Many associations boast of their long-term existence and promote anniversaries. But who cares?

Are members concerned with a centennial celebration or wanting return on investment against dues paid? Associations must convey value and relevance in an increasingly congested world.

Some organizations seem out of touch. They appoint committees for endlessly amending bylaws and a task force to plan the president’s installment gala. These leaders are oblivious to what members think or need.

There are more than 150,000 associations and chambers driven by brilliant intentions and selling memberships. Do prospects and members deem them relevant? Check your metrics.

Compare market share of dues payers to the total number of prospects. Below 50%, alarm bells should go off. Is the membership metric rising or declining? Is the retention rate below 90%?

“Associations need to find their key influencers and then focus on creating raving fans out of them. Most organizations assume (often wrongly) that their influencers like the association, or even care about it. Creating association fans is absolutely key to an organization's relevance in today's world, and it's truer than ever emerging from this pandemic,” explains Nick Gough.

Identify the Fans: Identify the strongest advocates willing to speak on behalf of the association’s relevance and value. Track the top percentile of the most engaged members.

Use data to determine how messaging is received by monitoring the open and click rates. Event registration and attendance are indicators. Focus attention on the group of association fans and work to expand it. They are the association’s strongest advocates.

Engage Influencers: Identify the organization’s influencers. Most likely they are in a position to recommend membership and may write the dues check for others.

An influencer could be a university professor, past president, or branch manager. Focus on transforming influencers into fans. One positive influencer can have significant impact. Be equally aware of negative influencers who can drive away members.

Customize Relations: Know your members by interests and behaviors, not just by a membership category. Track data that is meaningful, beyond their mailing address and year they joined.

Like a frequent buyer program, members want to believe you know them. Maintain a database that customizes relations rather than sending messages as if “one size fits all.” Identify the association’s major donors, best recruiters, passionate members, and experienced leaders to find key roles for them. Ask them for testimonials, have them speak to prospects.

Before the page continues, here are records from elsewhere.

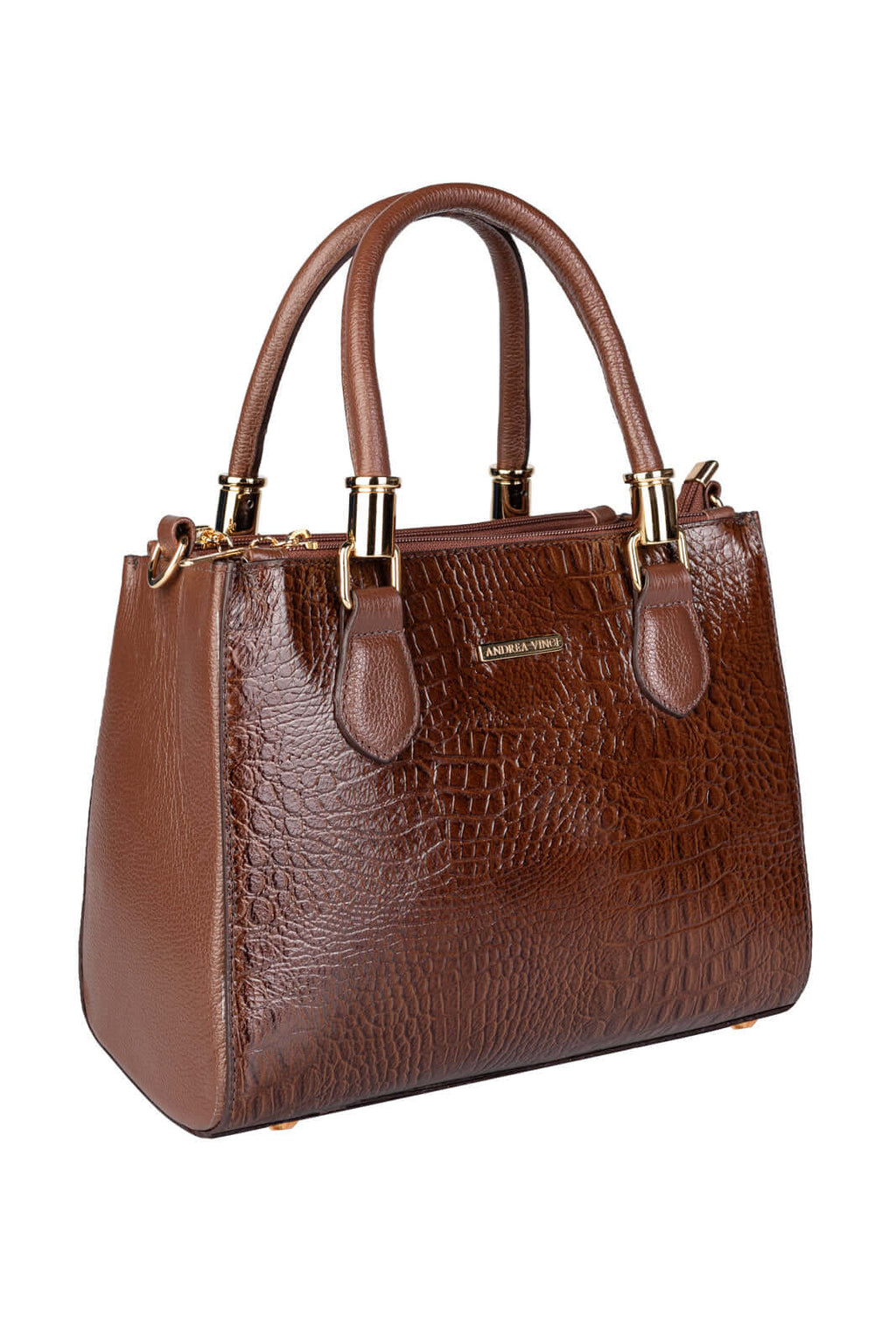 Bolsa grande de couro croco estruturada Emilia - Enluaze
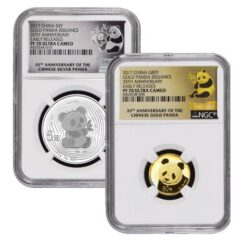 2017 35th Anniversary Chinese Panda PF-70 Early Releases – 15g Silver and 5g Gold Proof Set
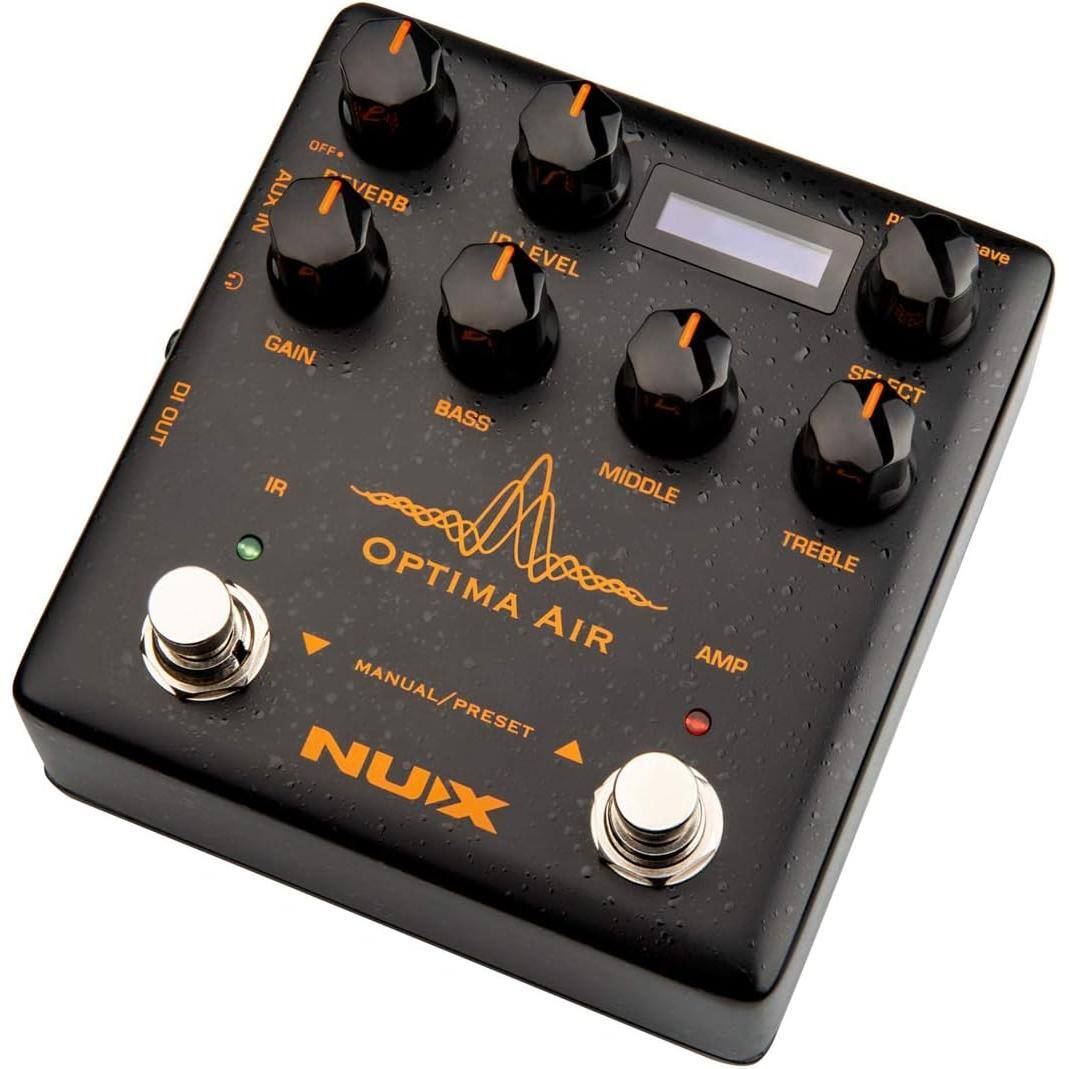 OFF AUX VERB 2 GAIN IP LEVEL DI OUT BASS IR MIDDLE OPTIMA TREBLE AIR AMP MANUAL/PRESET NUX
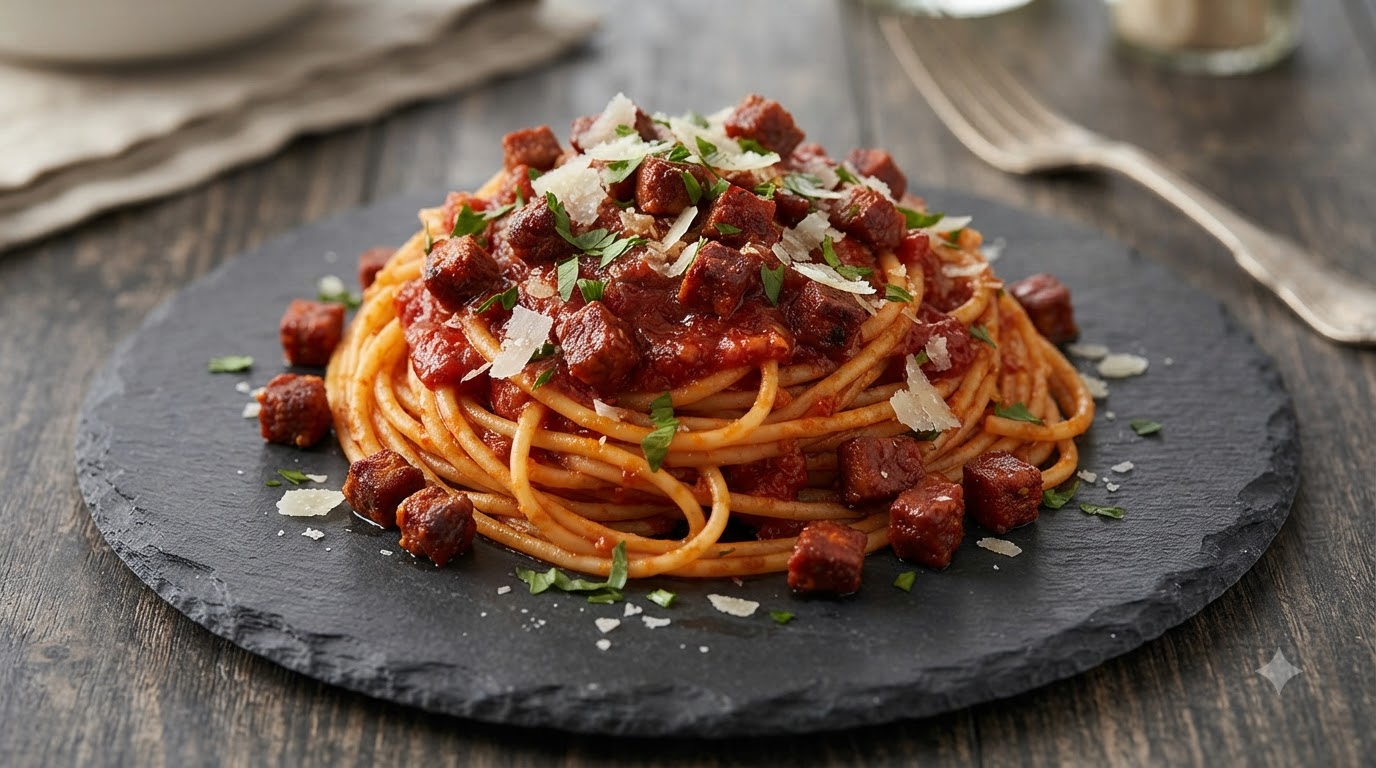 Quick Spicy Sun-Dried Tomato and Chorizo Spaghetti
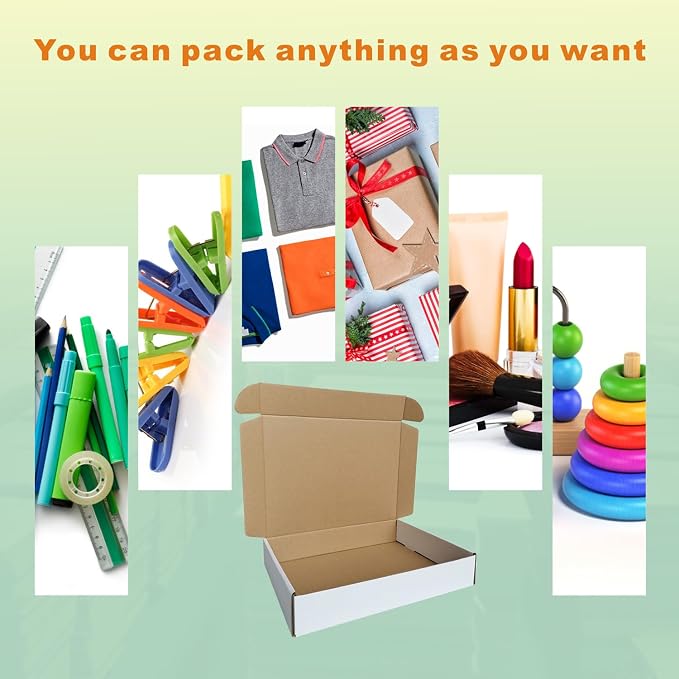 50 Pack 11.125x8.625x2'' Small Shipping Boxes, Corrugated Cardboard Mailers for Business, White (CM1182)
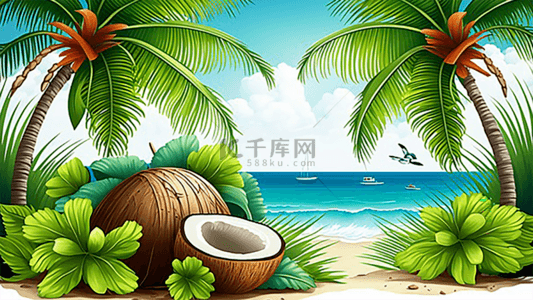 热带水果背景背景图片_椰树美丽背景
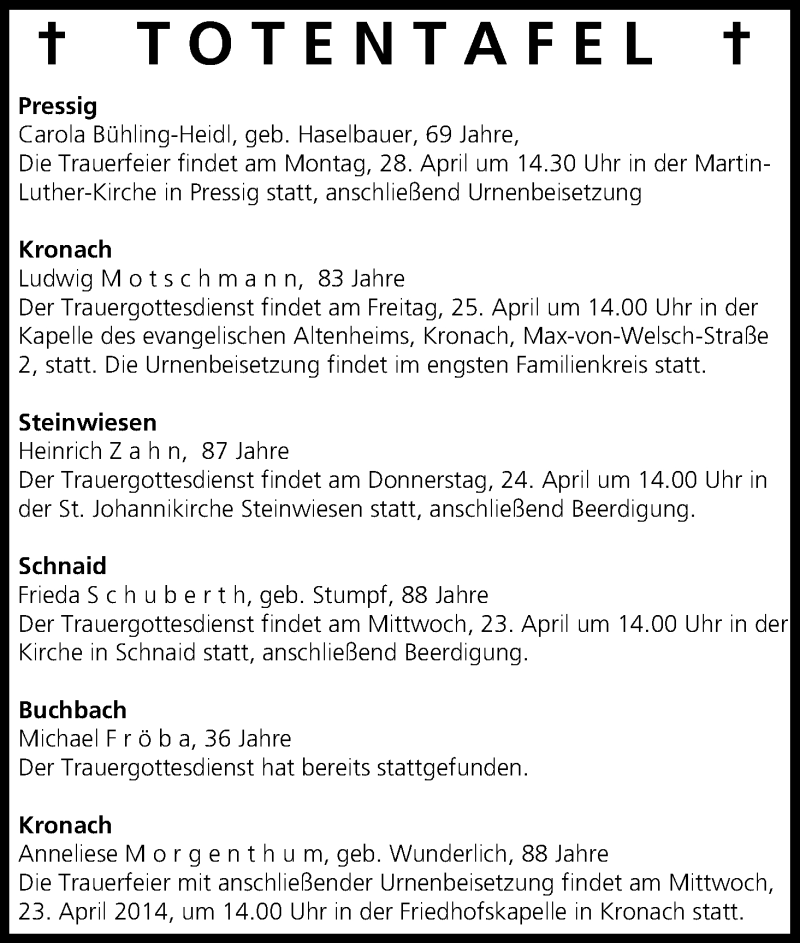  Traueranzeige für Totentafel vom 23.04.2014 vom 23.04.2014 aus MGO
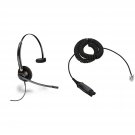 Plantronics 89433-01 Wired Headset, Black Bundle with Plantronics HIS-1 Adapter Cable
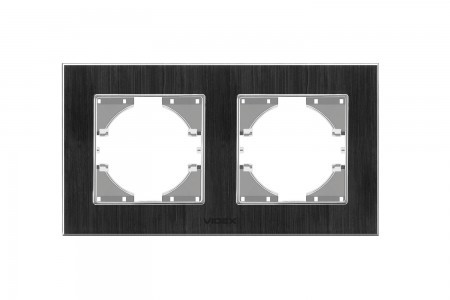 VIDEX BINERA Рамка чорний алюміній 2 поста горизонтальна (VF-BNFRA2H-B) (13/156)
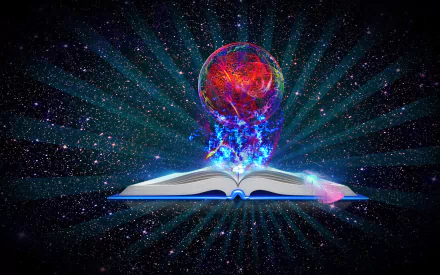 HD desktop wallpaper featuring an artistic glowing sphere of light emerging from an open book, creating a vibrant globe effect against a dark starry background.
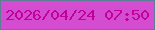 文字の大きさ：5、枠の色：5d7c95、背景の色：d44dd1、文字の色：c0029a 無料ブログパーツのブログ時計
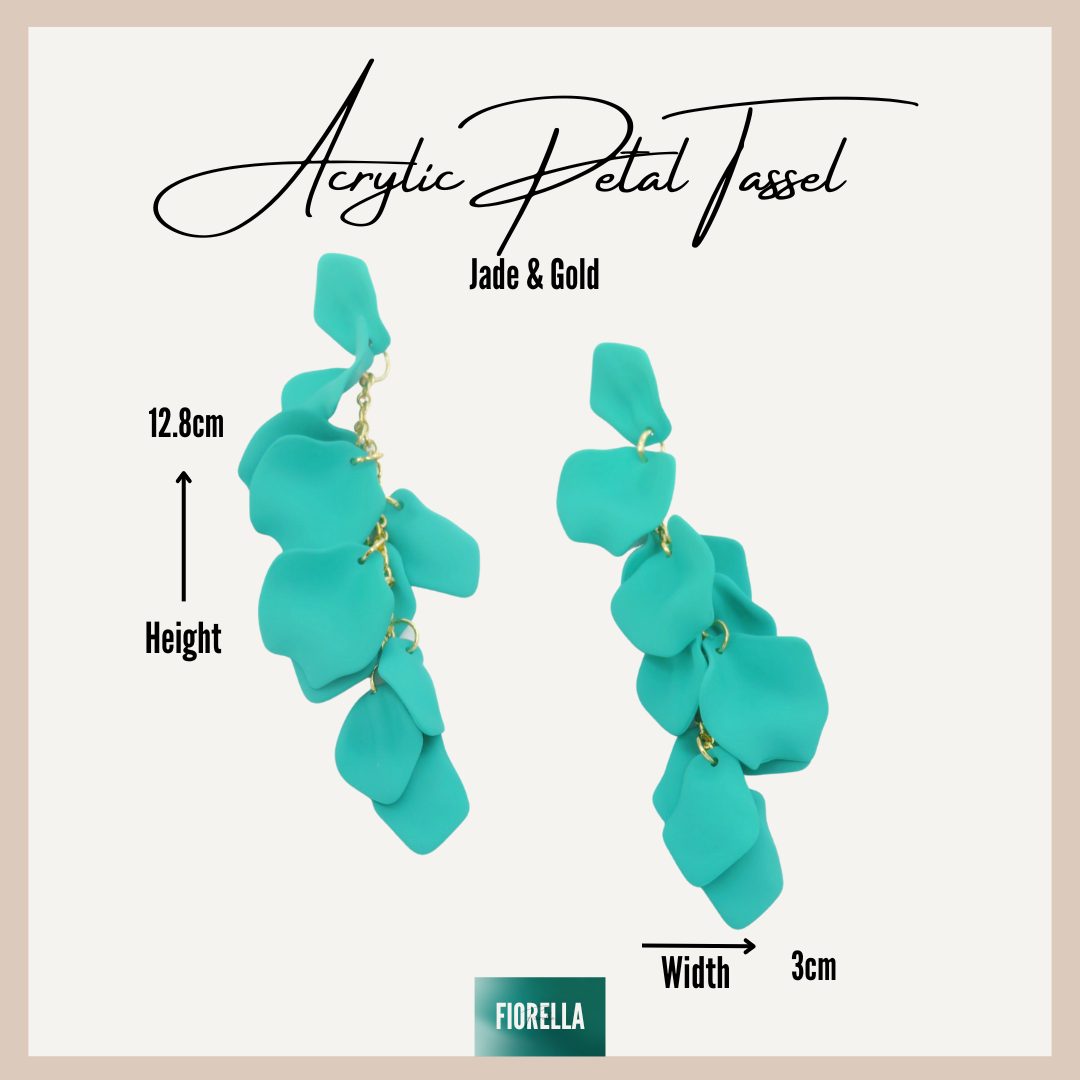 Acrylic Petal Tassel Drop Earrings - Jade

Avoid Message Fatigue: Members grow weary of message overload causing them to click the delete button. Associations offer value in many ways, but not everyone wants everything.

Offer choices for what and how they want to receive information. Knowing what members don’t want to receive is as important as knowing what they do want. By honing the messaging, members feel valued and respected.

Communicate Value: Analyze the association’s value, culture, and behaviors, including that of leadership. Do they add genuine value? As the saying goes, people smell desperation from a mile away.

Be certain the value proposition is genuine. Listen to the fans, influencers, and the top percentile to understand evolving needs. Drop what wastes time, exhausts resources, and is seldom used. Demonstrate ROI and value through messaging, infographics, and narratives.

An association should not have to justify its existence. Enhance the value proposition and membership experience. Desperation smells. Harness your most ardent members to spread the message about the association.